Re: Benchmark scenario with high G1 performance degradation

Stefan Johansson Mon, 24 Apr 2017 07:17:46 -0700

Hi Jens,

On 2017-04-21 13:03, Jens Wilke wrote:

Hi Stefan,


On Donnerstag, 20. April 2017 19:59:30 ICT Stefan Johansson wrote:

Thanks for reaching out and for providing such a good step-by-step guide
on how to run the benchmark the same way you are.

Thanks for the quick reply!

I've tried with CMS, G1 and Parallel, both with 10g and 20g heap, but so
far I can't reproduce your problems. It would be great if you could
provide us with some more information. For example GC-logs and the
result files. We might be able to dig something out of them.

The logs from the measurement on my notebook for the first mail (see below) are 
available at (only 30 days valid):

http://ovh.to/FzKbgrb

What environment you are testing on?

I only did some quick testing on my desktop with has 12 cores andhyper-threading, so the default is to use 18 parallel GC threads on mysystem.

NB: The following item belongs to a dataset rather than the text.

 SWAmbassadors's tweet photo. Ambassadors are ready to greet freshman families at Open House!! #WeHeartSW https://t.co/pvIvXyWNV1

Please mind the core count. My stomach tells me that it could have something to 
do with the hash table arrays. When you are testing with a system that reports 
more than 8 cores the allocated arrays will be smaller than in my case, since 
the cache is doing segmentation.

  From my runs it looks like G1 is about 5-10% behind CMS and 10-15%
behind Parallel for both JDK 8 and 9.

That seems okay.

Actually, I'd like to publish my next benchmark results, however, I am somehow 
stuck with this issue now. Benchmarking with CMS only doesn't really make sense 
at the current point in time. Also I don't like to be in doubt that there is 
something wrong in the setup.

I took a quick look at the blog as well, and there the system had 32GB
ram and the runs were done with -Xmx10g. The system you describe here
only have 20GB ram and you are using -Xmx20G, is that correct or has
there been a typo?

My bad, sorry for the confusion. There was enough free memory and RSS was only 
at 6GB so the system was not swapping. I did play with the parameters to see 
whether it makes a difference, but forgot to put it in a reasonable range when 
sending the report.

The effects on the isolated benchmark system with 32GB and-Xmx10g or  -Xmx20G 
are the same (see blog article for parameters).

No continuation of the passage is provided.